Depuis la 24 mars, la Cour constitutionnelle examine des recours qui, s’ils sont acceptés, pourraient faire de l’île le premier territoire asiatique à autoriser le mariage homosexuel.

Un projet de loi sur le mariage entre personnes de même sexe a été voté en 1ère lecture en décembre 2016, il doit encore être examiné en 2nde lecture. Mais la situation pourraient aller plus vite, car la justice et la Cour constitutionnelle rendra sa décision d’ici mai.

La Constitution violerait l’égalité pour tous

Les 14 grands juges de la haute juridiction sont en train d’étudier deux recours contre un article du code civil déposés par l’activiste de la cause homosexuelle Chi Chia-wei et le pouvoir exécutif de la municipalité de Taipei, qui doit répondre à de nombreuses demandes de validation de mariages entre personnes de même sexe.

« Près de 200 certificats de concubinage ont déjà été délivrés depuis deux ou trois ans. Le fait que l’activiste de la cause homosexuelle Chi Chia-wei et l’exécutif de la Municipalité de Taïpei aient déposé ces recours ensemble, donne un poids énorme au sujet« , a expliqué au quotidien La Croix, Mark Wu.

Le point de débat est la disposition du code selon laquelle le mariage ne peut unir qu’un homme et une femme. Or pour les avocats des requérants l’article est contraire à plusieurs principes de la constitution garantissant l’égalité entre tous.

« La société reconnaît que les homosexuels ont les mêmes besoins. Ce sont des personnes comme les autres qui souhaitent bâtir des relations normales, ce que la loi devrait leur permettre« , a déclaré à la Cour, Liao Yuan-hao, le représentant de la municipalité de Taipei, selon l’Agence France Presse.

Autoriser les unions de personnes du même sexe « ne changera rien à l’essence du mariage, mais contribuera à renforcer sa valeur« , a-t-il ajouté. Mais, le ministre de la Justice, Chiu Tai-san, assure que le code civil n’interdit pas spécifiquement les unions entre personnes du même sexe. Pour ce dernier, changer la loi « de façon abrupte aura un impact sur l’ordre social », a-t-il dit.

Deux camps s’opposent

LGBTQ Taïwan

D’autant que la société est divisée sur cette question. Selon une enquête du cabinet Taiwanese Public Opinion Foundation, publié en 2016, l’opinion publique se divisait en parts égales sur le sujet. D’un côté, l’opposition des Églises protestante et catholique, et des bouddhistes. Et de l’autre, les défenseurs du mariage gay. Ces derniers ont agité des drapeaux arc-en-ciel aux abords de la Cour constitutionnelle de Taipei, le 24 mars.

« Les gays méritent légalement les mêmes droits et les mêmes protections« , a déclaré à l’AFP Lan Shi-kai, un commerçant de 24 ans. Côté opposition, plusieurs organisations protestantes et bouddhistes et la conférence des évêques catholiques de Taïwan se sont réunies, en 2013, dans une organisation, appelée Alliance des groupes religieux de Taïwan pour la protection de la famille.

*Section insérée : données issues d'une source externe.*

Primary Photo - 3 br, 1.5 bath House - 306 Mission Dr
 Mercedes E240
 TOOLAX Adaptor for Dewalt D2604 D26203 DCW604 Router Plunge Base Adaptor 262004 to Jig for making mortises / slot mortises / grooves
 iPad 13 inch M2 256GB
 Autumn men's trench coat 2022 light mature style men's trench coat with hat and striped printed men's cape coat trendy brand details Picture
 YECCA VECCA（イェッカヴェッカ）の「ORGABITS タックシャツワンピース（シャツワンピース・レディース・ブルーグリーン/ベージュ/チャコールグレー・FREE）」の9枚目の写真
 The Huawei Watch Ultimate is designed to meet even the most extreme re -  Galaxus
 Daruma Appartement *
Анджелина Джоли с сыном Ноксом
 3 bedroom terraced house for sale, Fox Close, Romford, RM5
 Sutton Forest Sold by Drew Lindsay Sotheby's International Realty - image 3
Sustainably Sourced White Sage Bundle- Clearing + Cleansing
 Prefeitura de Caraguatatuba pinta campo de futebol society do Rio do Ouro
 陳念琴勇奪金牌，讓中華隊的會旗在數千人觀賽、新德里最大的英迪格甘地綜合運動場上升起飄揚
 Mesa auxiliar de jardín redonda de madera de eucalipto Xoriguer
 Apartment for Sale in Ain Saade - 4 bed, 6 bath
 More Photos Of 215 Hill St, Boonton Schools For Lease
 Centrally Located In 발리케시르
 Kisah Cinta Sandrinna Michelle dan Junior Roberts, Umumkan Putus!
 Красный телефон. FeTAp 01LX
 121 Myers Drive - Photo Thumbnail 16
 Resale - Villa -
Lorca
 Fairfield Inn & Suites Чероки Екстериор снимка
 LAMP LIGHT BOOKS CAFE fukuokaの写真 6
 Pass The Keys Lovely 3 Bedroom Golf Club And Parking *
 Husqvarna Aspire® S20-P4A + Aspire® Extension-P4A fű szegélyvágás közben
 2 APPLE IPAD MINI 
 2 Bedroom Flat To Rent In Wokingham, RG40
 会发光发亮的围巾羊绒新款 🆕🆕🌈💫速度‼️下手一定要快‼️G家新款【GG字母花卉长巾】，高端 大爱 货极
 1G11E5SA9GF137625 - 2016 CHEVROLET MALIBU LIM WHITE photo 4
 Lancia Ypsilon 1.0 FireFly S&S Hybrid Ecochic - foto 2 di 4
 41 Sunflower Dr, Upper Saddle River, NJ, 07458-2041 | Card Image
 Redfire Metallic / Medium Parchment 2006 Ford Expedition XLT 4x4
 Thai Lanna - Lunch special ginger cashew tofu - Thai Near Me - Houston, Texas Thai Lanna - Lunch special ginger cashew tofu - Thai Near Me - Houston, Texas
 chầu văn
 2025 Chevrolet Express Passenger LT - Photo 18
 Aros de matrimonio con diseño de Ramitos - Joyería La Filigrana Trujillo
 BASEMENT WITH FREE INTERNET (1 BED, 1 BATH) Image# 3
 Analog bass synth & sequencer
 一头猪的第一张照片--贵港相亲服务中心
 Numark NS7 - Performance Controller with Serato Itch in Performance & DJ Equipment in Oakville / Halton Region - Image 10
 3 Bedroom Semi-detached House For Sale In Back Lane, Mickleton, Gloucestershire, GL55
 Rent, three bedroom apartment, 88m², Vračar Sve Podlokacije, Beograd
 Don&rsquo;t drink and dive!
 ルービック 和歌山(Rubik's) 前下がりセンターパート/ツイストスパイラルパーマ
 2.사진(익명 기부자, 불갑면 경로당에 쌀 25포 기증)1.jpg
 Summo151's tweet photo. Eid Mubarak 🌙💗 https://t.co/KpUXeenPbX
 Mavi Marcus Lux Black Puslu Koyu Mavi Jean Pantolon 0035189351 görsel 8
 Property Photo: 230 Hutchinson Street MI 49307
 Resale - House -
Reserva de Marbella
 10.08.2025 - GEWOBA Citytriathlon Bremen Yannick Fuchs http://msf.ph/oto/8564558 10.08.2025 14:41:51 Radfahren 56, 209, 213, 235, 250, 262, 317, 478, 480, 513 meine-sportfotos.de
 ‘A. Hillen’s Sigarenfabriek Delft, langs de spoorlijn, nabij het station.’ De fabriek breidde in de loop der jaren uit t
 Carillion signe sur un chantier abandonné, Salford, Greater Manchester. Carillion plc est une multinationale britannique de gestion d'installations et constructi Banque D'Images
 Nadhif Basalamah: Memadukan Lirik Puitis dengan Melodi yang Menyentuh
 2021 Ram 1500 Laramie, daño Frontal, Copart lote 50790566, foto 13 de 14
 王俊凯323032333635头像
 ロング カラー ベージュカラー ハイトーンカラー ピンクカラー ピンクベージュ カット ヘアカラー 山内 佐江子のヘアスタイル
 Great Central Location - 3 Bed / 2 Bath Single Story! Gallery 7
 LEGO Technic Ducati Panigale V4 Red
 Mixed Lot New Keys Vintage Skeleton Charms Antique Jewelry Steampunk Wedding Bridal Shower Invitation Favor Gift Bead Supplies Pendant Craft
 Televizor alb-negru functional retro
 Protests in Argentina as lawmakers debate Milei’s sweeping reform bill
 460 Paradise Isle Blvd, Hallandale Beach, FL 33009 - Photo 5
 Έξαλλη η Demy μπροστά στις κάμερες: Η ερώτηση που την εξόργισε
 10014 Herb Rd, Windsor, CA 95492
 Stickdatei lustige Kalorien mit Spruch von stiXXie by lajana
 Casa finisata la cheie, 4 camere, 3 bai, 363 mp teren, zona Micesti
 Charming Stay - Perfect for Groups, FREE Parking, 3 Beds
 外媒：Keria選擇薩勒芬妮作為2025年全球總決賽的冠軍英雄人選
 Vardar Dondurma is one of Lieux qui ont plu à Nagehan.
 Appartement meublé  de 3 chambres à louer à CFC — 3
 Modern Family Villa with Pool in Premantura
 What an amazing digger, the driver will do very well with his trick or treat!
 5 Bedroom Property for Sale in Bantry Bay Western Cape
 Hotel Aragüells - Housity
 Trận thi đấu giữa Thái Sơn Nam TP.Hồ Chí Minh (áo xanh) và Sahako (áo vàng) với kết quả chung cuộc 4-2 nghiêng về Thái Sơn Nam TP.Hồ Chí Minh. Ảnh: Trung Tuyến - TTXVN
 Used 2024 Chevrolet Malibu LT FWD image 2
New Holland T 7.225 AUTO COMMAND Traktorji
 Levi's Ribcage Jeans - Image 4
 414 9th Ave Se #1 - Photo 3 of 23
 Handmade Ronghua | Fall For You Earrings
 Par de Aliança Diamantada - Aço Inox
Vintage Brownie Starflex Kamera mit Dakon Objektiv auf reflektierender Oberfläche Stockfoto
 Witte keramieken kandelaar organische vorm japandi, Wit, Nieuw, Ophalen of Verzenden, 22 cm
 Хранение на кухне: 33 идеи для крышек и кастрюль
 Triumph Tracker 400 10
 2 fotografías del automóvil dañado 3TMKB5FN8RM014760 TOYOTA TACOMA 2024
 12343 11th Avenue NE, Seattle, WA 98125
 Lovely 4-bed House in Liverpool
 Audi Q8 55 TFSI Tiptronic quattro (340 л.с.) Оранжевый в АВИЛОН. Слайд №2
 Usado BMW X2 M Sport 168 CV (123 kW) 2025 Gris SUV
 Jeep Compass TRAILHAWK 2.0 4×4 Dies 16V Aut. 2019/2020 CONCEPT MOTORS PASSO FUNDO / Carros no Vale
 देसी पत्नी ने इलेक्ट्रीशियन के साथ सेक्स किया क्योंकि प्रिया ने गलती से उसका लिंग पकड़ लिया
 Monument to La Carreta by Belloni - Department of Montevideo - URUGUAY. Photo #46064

David Tseng, porte-parole de l’alliance, a indiqué que « nous sommes différents des pays occidentaux. Dans les cultures orientales, nous accordons une grande importance et place à la piété filiale due par chacun à son père et à sa mère. C’est là une vertu que nous devons préserver« .

La décision de la Cour constitutionnelle est « juridiquement contraignante », a rappelé à l’AFP Hsieh Kuo-lien, professeur de droit à l’Université nationale de Kaohsiung. « Si sa décision est favorable aux militants de la cause homosexuelle, elle reviendra à légaliser le mariage entre personnes de même sexe », a ajouté ce dernier.